What the task asks » Repeat exactly the line with "[upl. by Lily]" and each line after it to the end of the data below; pictures stay out.

<<<<

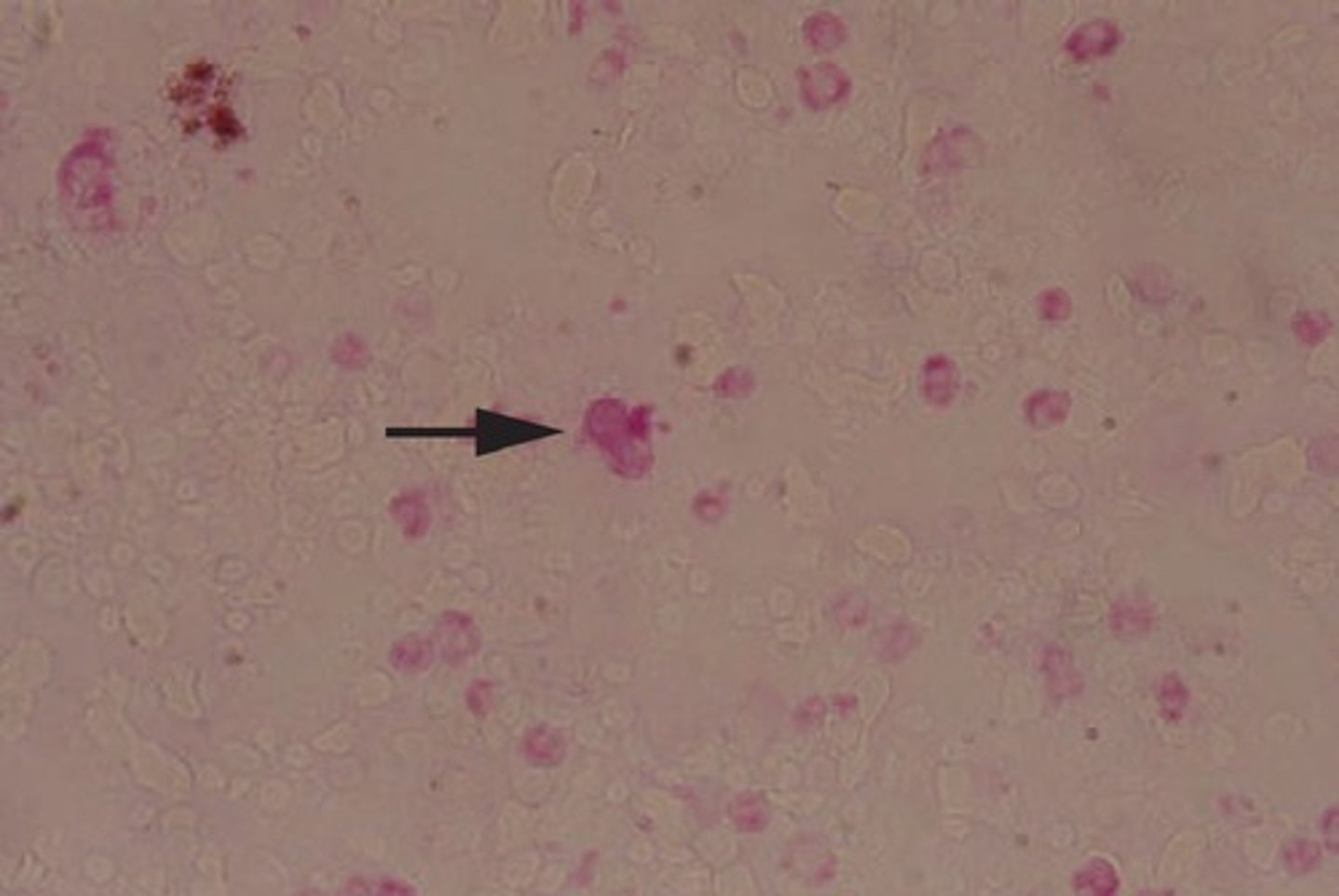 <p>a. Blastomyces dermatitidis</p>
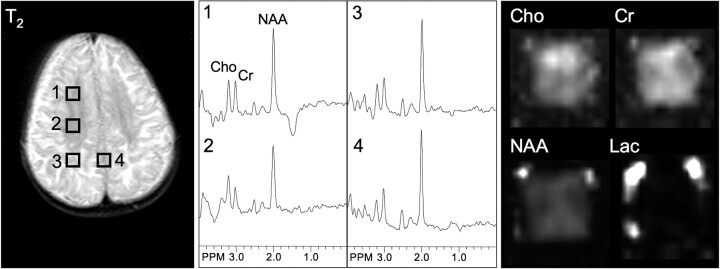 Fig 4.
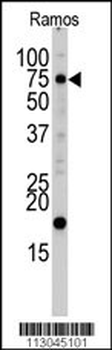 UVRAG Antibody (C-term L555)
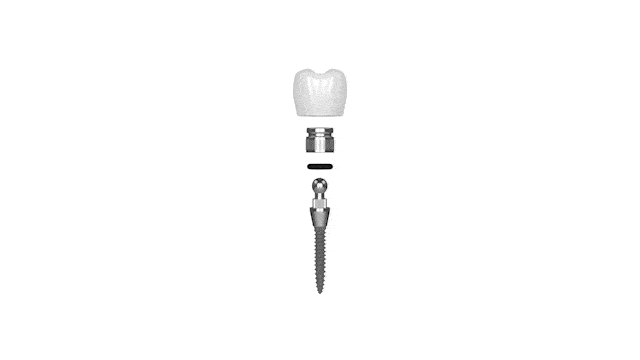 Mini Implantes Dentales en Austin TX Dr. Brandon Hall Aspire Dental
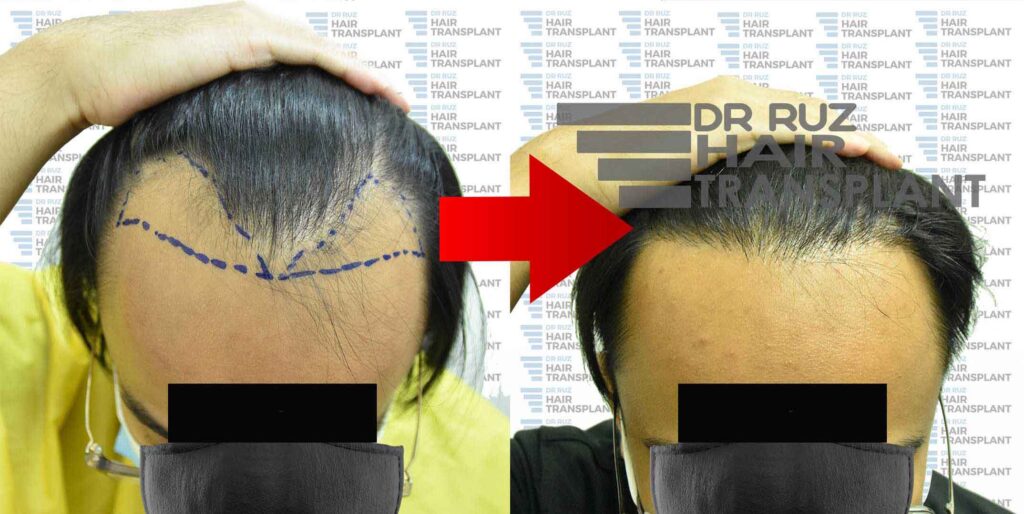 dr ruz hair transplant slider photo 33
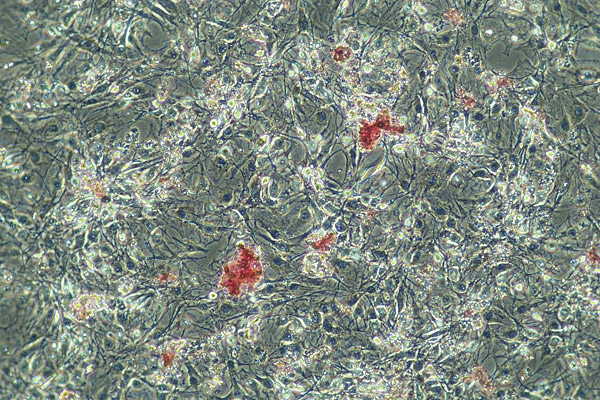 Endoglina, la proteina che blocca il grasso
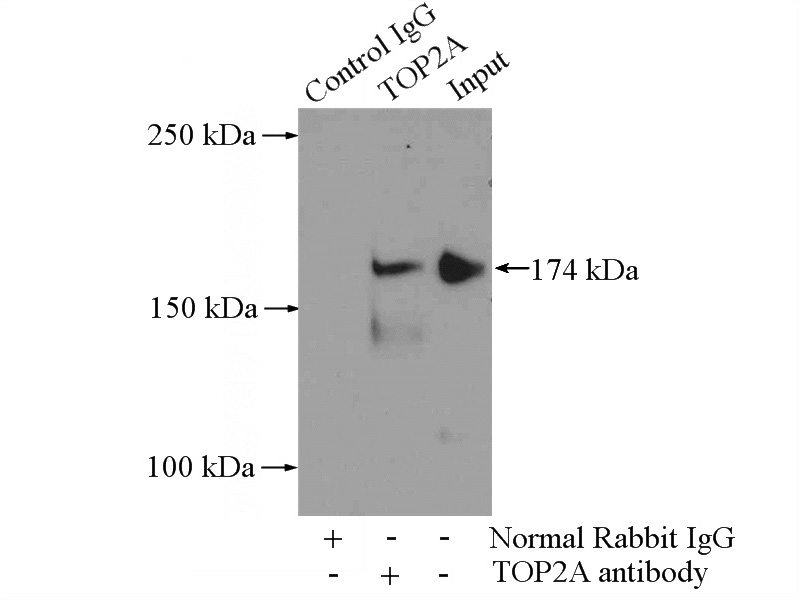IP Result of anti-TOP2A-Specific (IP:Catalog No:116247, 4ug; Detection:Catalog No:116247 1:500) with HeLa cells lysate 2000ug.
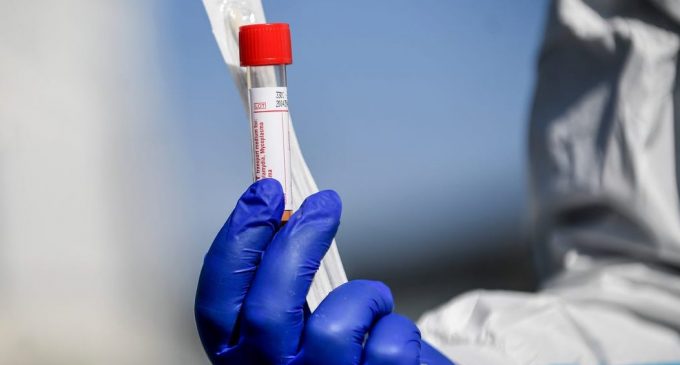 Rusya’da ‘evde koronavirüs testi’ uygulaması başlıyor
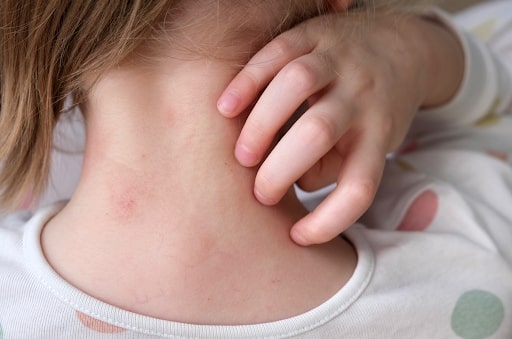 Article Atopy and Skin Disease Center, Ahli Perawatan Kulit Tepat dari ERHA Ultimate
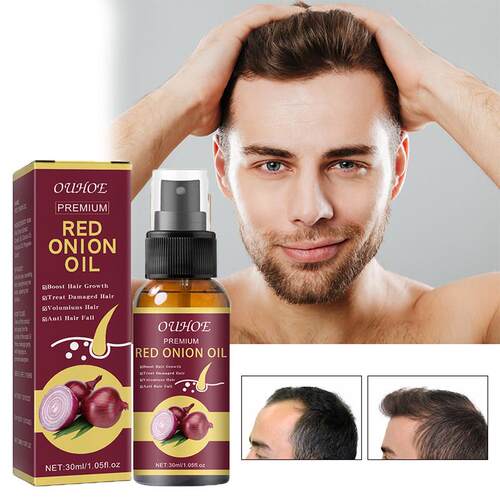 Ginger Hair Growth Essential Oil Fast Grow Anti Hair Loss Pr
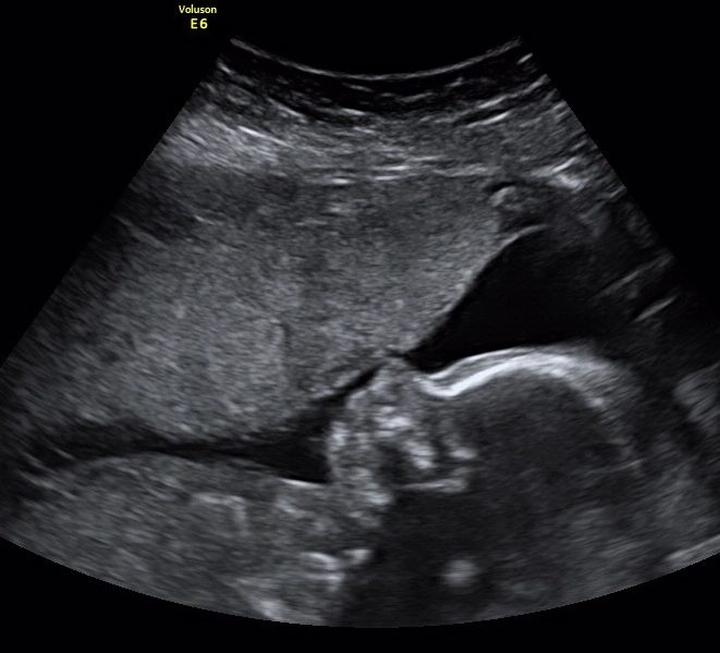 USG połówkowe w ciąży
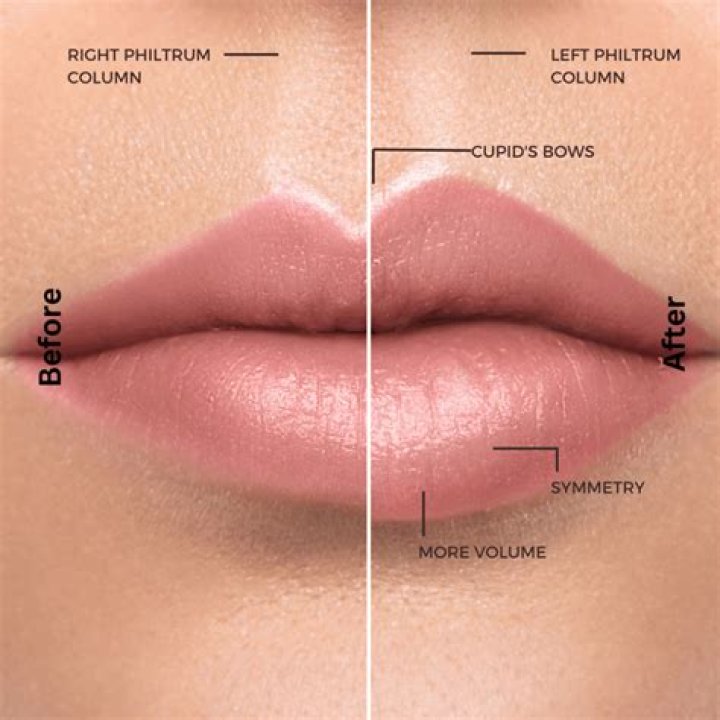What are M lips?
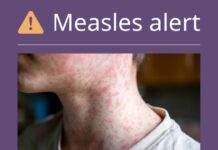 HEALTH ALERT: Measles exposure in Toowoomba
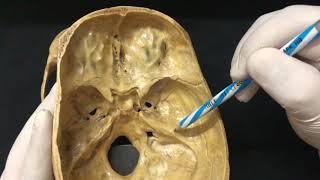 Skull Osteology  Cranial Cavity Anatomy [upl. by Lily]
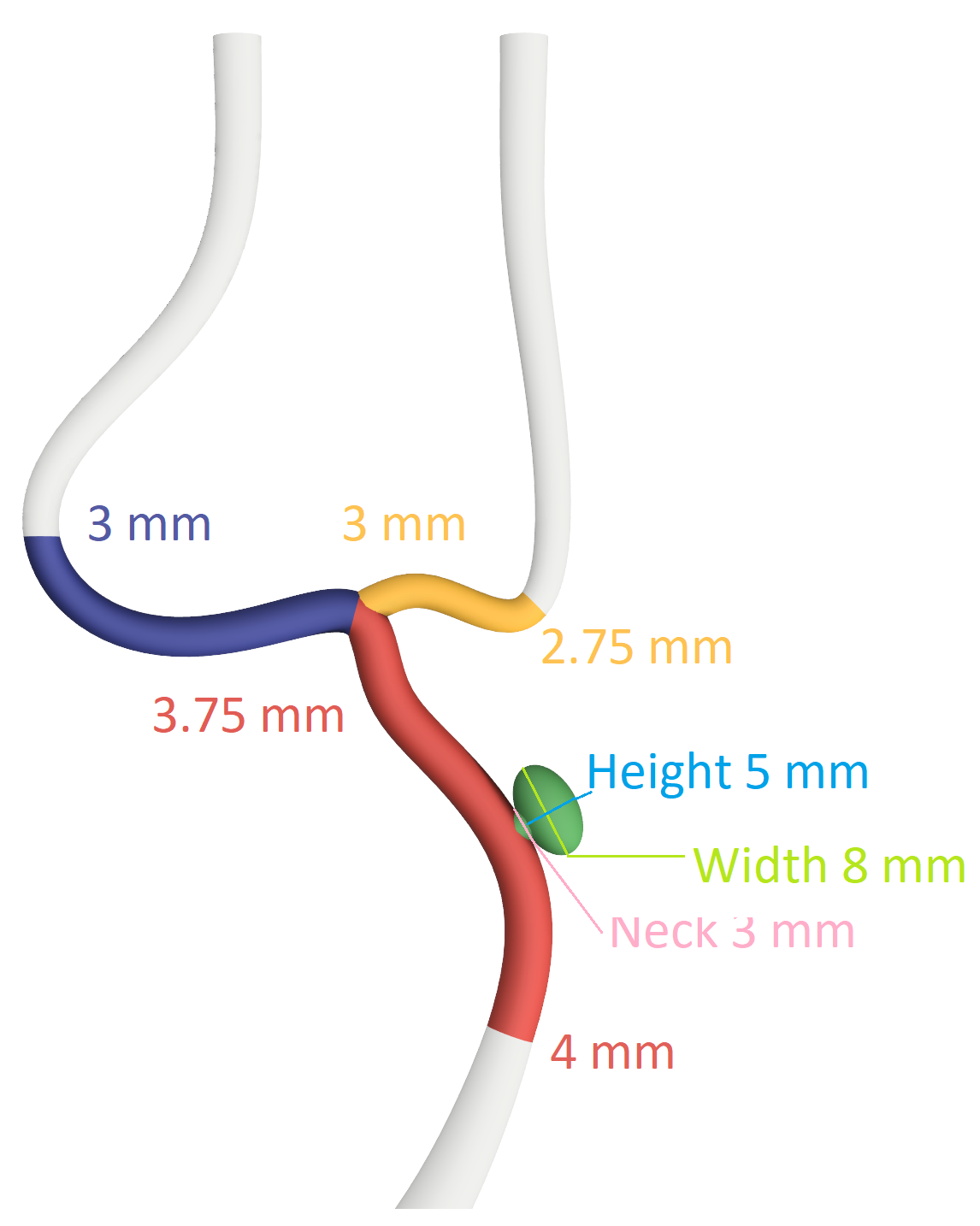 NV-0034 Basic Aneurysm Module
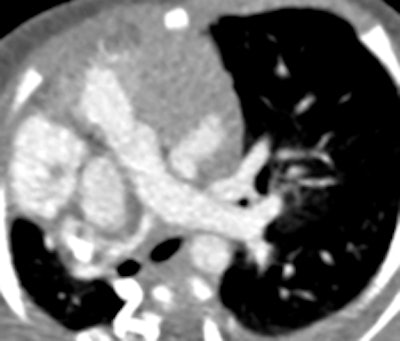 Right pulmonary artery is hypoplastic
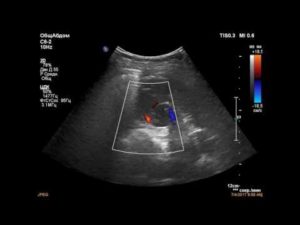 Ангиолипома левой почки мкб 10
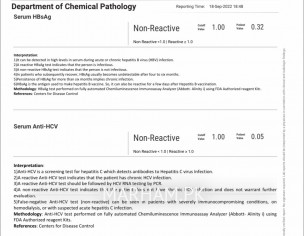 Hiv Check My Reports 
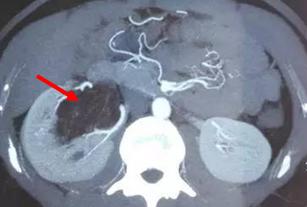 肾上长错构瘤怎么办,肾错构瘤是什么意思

>>>>

The answer »
 Skull Osteology  Cranial Cavity Anatomy [upl. by Lily]
 NV-0034 Basic Aneurysm Module
 Right pulmonary artery is hypoplastic
 Ангиолипома левой почки мкб 10
 Hiv Check My Reports 
 肾上长错构瘤怎么办,肾错构瘤是什么意思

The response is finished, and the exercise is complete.